FLASH/SSD is still an emerging technology and therefore has some way to go before being recognised as a self-standing, viable option. There has been a lot of excitement around its performance potential and, for certain businesses its deployment can indeed improve productivity and revenues. As a result, it makes sense for users to evaluate flash-based storage solutions for applications where I/O is king such as databases, online banking, or large financial services applications, flash is an appropriate option. The technology is even more appealing when you look at TCO: moving from a HDD-only solution to an SSD one can realise a performance improvement in the order of 30-60 per cent with a cost per IOP which is 1/3 less than an equivalent system based on traditional disk.

However, the cost per TB of capacity for SSD is far higher than HDD leaving it out of reach of many smaller businesses. The key to successful deployment is selecting the right data sets to reside on this expensive high performance storage layer and choosing the most appropriate deployment method to meet application performance and availability requirements.

Flash/SSD deployed in a server
The use of Flash/SSD memory was pioneered in the industrial and military markets and today represents the default choice for achieving high performance, low latency data access for demanding applications and virtualised environments.

One of the most popular ways of deploying Flash/SSD based storage to provide application acceleration is to install this technology directly within a physical server using the PCIe bus interface. PCIe based SSDs for uses in enterprise server acceleration have been shipping in the market since 2007.

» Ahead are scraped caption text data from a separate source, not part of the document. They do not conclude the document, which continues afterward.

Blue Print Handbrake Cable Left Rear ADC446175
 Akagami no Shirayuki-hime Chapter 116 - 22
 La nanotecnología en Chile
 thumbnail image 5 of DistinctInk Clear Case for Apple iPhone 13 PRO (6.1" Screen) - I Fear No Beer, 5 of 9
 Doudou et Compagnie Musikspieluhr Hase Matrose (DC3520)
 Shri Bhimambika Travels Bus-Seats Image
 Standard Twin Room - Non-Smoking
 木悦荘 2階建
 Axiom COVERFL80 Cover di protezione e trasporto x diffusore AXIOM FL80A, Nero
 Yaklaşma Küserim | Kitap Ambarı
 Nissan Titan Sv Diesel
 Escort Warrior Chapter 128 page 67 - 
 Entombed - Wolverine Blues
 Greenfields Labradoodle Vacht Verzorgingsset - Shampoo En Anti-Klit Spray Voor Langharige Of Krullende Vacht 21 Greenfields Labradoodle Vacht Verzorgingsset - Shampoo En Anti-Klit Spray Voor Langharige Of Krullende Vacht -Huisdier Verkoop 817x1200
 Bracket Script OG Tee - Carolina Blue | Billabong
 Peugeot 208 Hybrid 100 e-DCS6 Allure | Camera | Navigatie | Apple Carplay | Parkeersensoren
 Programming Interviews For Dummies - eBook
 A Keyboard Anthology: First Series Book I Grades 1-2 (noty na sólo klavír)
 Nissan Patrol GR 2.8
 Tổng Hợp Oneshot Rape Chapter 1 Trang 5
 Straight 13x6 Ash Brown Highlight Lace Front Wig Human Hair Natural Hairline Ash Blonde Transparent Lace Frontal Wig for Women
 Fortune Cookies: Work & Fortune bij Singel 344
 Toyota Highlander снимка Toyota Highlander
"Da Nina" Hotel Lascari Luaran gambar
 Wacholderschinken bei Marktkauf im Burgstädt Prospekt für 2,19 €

Essentially the closer the Flash/SSD storage resides in relation to the server CPU and memory architecture, the lower the access latency will be, which in the case of current PCIe based products will be measured in micro seconds, typically 15µs for write operations and 50-100µs for read operations. Due to the capacity limitations of Flash/SSD devices only a limited number of applications could source all of their operational data from this storage layer and hence Flash/SSD is usually configured as an ultra-low latency storage cache fronting the slower traditional HDD based data stores either residing in the server or out on a SAN.

Flash/SSD technology deployed in this manner generally functions without any sophisticated intelligence that can ensure the most in-demand data sets are ‘always’ available from the high performance Flash/SSD storage layer, instead caching algorithms store the most recent transactions before de-staging them to HDD. A key consideration with sever deployed Flash/SSD is ensuring that the server does not jeopardise business continuity by becoming a single point of failure for the storage subsystem. Many vendors are developing ways to make server based Flash/SSD available to other servers within the data centre in order to create resilience through clustering. This clustering capability may be implemented within the network infrastructure as we will discuss later or within the OS or VM kernel.

Flash/SSD deployed in the network infrastructure
We have outlined many of the key limitations of Flash/SSD deployment within a server. These included the local direct connectivity of Flash/SSD storage which forms a storage silo and limits or complicates the access to this internal storage within a networked or clustered environment; the dependence on availability of compatible drivers for each operating system and hypervisor that will access the cache, and the localised nature of the server installed architecture which can present a single point of failure.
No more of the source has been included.